***** GIVEN MATERIAL *****

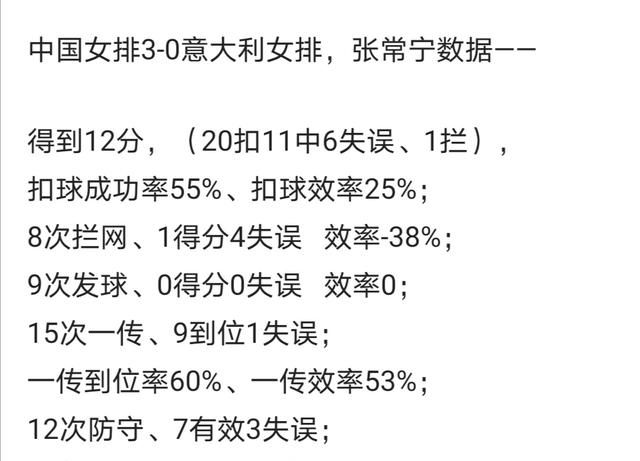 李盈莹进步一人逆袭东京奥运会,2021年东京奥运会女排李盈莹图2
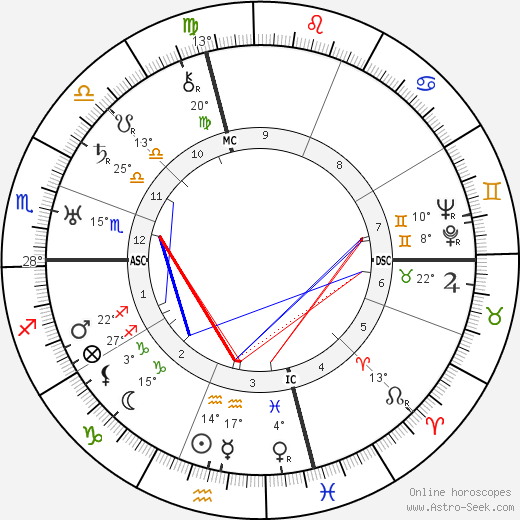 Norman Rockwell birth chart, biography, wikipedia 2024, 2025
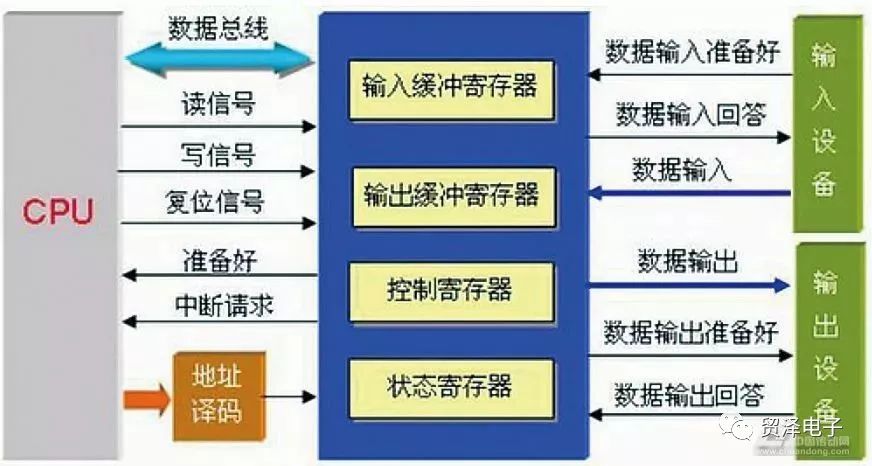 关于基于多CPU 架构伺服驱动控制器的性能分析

*****

__YOUR TASK__
Please copy, exactly and only, the lines of the listing that run from the one holding "Norman Rockwell birth" through its last line, and exclude pictures.

__EXPECTED ANSWER__
 Norman Rockwell birth chart, biography, wikipedia 2024, 2025
 关于基于多CPU 架构伺服驱动控制器的性能分析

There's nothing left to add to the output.